También podía verse como la manera de distinguir a unos cuantos clientes frente a los demás ocupantes de la barra, o una alternativa para administrar el espejismo que todos asociamos a los productos más caros y escasos del mercado gastronómico. Y cuando no hubo trufa que laminar siempre quedaba el remedo histriónico del aceite de trufa, uno de los productos más invasivos y empalagosos que se puede utilizar en una cocina. En aquella barra se administraba a paletadas. Siento un profundo rechazo por el aceite de trufa.
En primer lugar, porque no suele ser de trufa, sino más bien un compuesto de elementos químicos combinados en el laboratorio de un aprendiz de brujo. Por encima de eso, me disgusta su carácter invasivo; su consistencia oculta el resto del bocado o del plato. Y además es tan persistente que su presencia te acompaña mucho más allá del plato para extenderse a los postres y acabar marcando el sabor del café.

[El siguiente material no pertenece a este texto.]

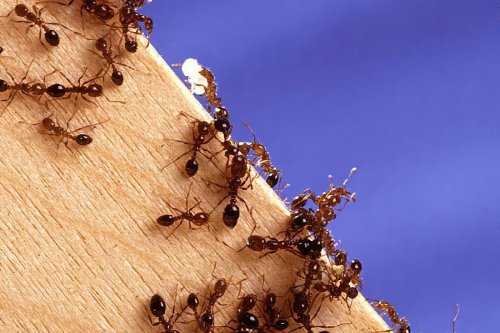 Mauvaise nouvelle : les fourmis de feu débarquent en Europe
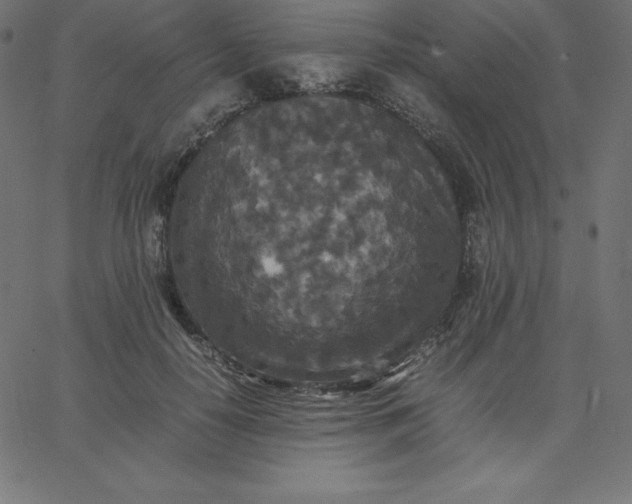 X0000067850650200604271646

Es mi forma de entender la historia, pero no es la única. Otros sienten fascinación por el sabor y los aromas del mismo aceite de trufa que yo rechazo.
No son pocos los que disfrutan más con lo que significa que con lo que proporciona. Todos están en su derecho. La administración del placer abre la puerta de un territorio sin límites, marcado por la capacidad del individuo para definir sus preferencias. No hay lugar para la uniformidad en el campo de juego de las emociones; lo que estimula a unos provoca el rechazo en otros. En el territorio de la cocina no hay vencedores ni vencidos. Cada quien come amparado por el derecho a gozar más allá de lo que prediquen los apóstoles de la gastronomía. El gusto no es una ley universal sino una verdad individual.